Chegou ao Rio aos 18 anos com um só intento: ser um grande escritor. E só lembrou do Exército quando em 64, a PE, bem no meio da confusão, pediu Carteira de Trabalho e Certificado de Reservista. Mas antes disso, trabalhou de faxineiro e ajudante de cozinha num restaurante da rua do Acre. Naquele mesmo ano, andou metido numas arruaças e, depois de uns cachações, passou, mal-dormida, uma noite na Delegacia da Praça Mauá. Pegou uma dúzia de gonorréias, só naqueles dois primeiros anos. Nunca manteve correspondência com quem quer que fosse, como tantos outros escritores o fizeram. Até 67, mal conhecia de fotografia seus escritores prediletos: Nelson Rodrigues, Guimarães Rosa e Mário de Andrade. Mas naquele ano, lendo os classificados do Diário de Notícias, encontrou a porta para o seu sonho: "Precisa-se de entregador", do próprio jornal. Foi no endereço, dia e ora marcados, falou "tô precisado" e outros termos do linguajar inculto - para dissimular seus intentos - e foi contratado. Não conheceu nenhum escritor e, durante quase 2 anos, fez bolhas nos pés de tanto andar pelos subúrbios do Rio de Janeiro.
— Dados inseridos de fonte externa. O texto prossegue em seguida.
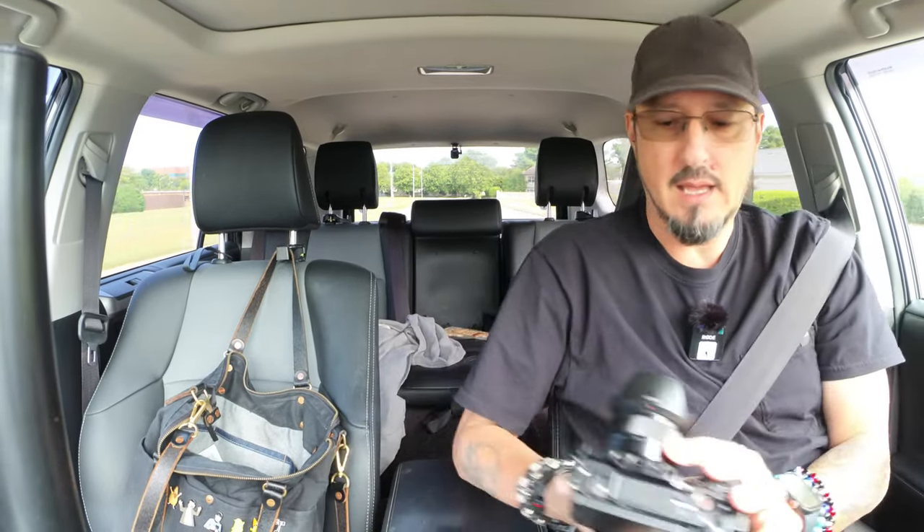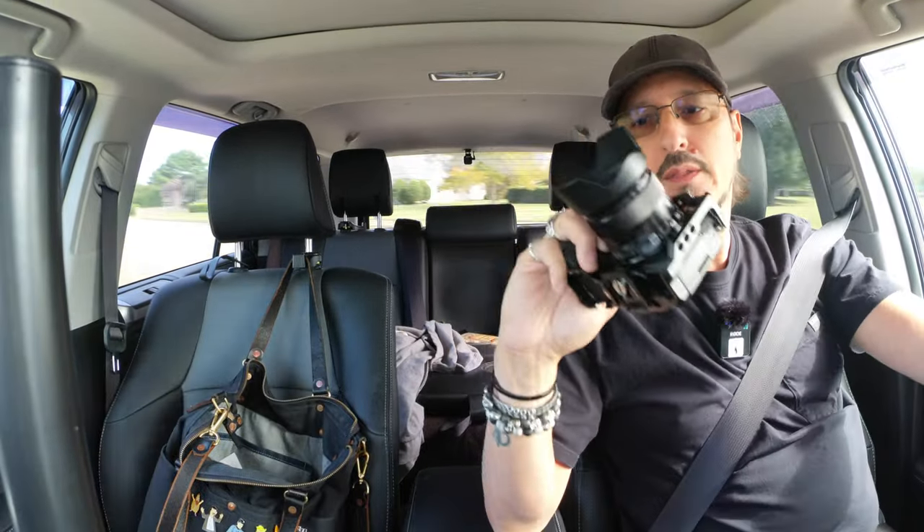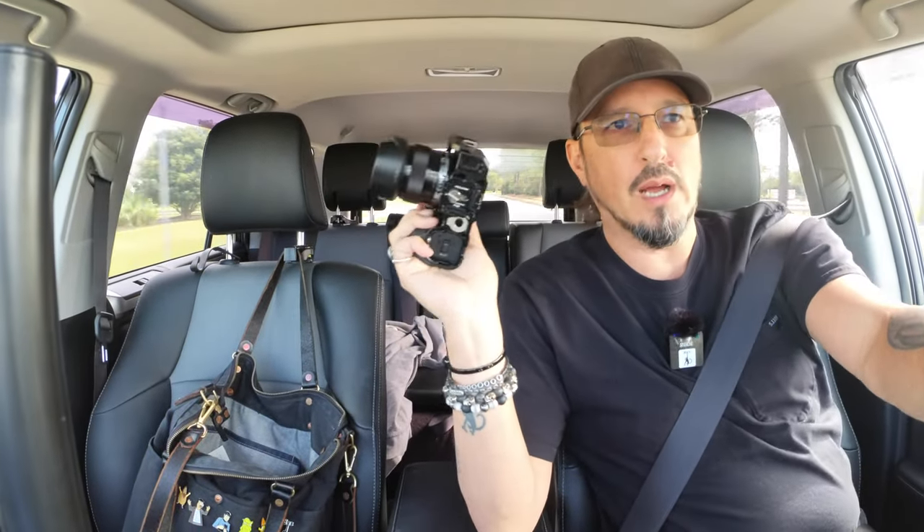What I have done today is get the ZVE-10 all set up with the 35 millimeter lens on it, and I'm going to go around for a little while and do some street photography. I want to see how this camera handles pictures because I actually don't think I've taken a picture on it. I'm pretty thrilled with how the footage turned out in studio when I got both cameras to pretty much match.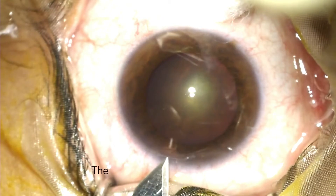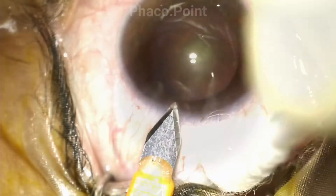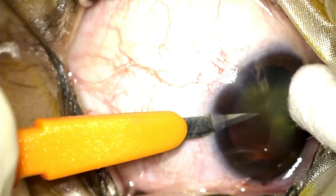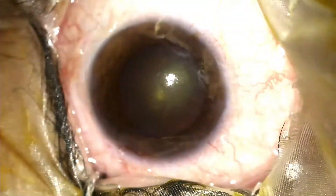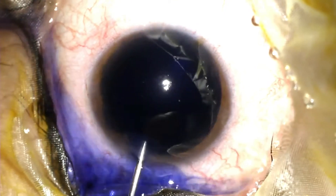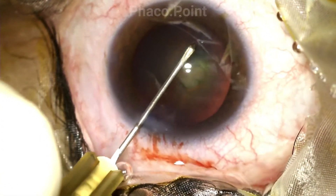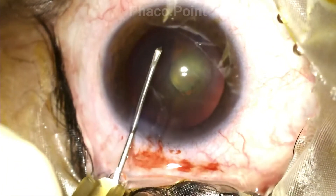Here's a patient with a grade 2 nucleus sclerosis with a suspected posterior polar cataract. It is of utmost importance to always remember that your three initial steps — that is, wound construction, the capsular axis, as well as the hydrodissection and rotation of the nucleus — should be flawless. Following the meticulous construction of the wounds and staining of the anterior capsule, I now proceed to perform the capsular axis. I ensure that the axis is no more than 5 mm because this is a suspected polar cataract.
Em 69, conseqüência de uma pequena confusão de “identidade”, ficou preso no quartel da Barão de Mesquita mais de uma semana, até conseguir explicar que isso não era aquilo e ser solto com as seguintes seqüelas: um zumbido no ouvido direito que pra sumir demorou, ó!, põe tempo nisso!; o olho esquerdo sem serventia de tão inchado; 2 costelas quebradas; tornozelos e pulsos em carne viva; e um puta medo de mijar. Foi direto para o Hospital Miguel Couto. Dois meses de estaleiro e estava curado e desempregado. Abandono de emprego. Tudo explicado, foi readmitido, festejado, invejado, afamado, tudo por causa da manchete da edição de domingo do Diário de Notícias: “A SAGA DE NOSSO HERÓI NOS PORÕES DA REVOLUÇÃO.”